*** Block opens ***

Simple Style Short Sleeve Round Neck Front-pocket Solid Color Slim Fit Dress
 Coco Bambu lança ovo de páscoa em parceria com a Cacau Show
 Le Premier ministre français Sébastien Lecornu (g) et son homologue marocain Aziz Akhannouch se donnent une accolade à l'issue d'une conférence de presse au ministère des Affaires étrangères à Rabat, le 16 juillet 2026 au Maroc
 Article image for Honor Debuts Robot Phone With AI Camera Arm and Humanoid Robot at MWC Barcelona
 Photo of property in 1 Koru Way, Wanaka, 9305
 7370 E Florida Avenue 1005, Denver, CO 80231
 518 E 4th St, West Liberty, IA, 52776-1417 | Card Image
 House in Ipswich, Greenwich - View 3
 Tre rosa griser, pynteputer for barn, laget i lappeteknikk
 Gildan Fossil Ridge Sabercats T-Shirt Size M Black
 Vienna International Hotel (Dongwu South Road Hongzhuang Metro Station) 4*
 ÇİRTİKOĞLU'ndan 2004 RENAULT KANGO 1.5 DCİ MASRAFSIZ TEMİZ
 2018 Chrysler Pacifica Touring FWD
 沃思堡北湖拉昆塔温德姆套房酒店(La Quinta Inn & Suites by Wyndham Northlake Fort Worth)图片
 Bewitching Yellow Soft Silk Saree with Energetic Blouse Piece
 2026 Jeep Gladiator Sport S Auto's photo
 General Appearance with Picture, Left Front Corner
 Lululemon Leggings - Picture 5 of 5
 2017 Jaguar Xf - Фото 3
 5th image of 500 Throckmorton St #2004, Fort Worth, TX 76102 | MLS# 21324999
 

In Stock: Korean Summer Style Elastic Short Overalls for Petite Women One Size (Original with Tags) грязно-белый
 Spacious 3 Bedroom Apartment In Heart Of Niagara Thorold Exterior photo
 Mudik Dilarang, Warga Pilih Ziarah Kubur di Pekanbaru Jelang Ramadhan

*** Block closes ***

[WORK TO COMPLETE]: Make a list of all lines in the data that contain "Size".

[COMPLETED TASK]:
 Gildan Fossil Ridge Sabercats T-Shirt Size M Black
In Stock: Korean Summer Style Elastic Short Overalls for Petite Women One Size (Original with Tags) грязно-белый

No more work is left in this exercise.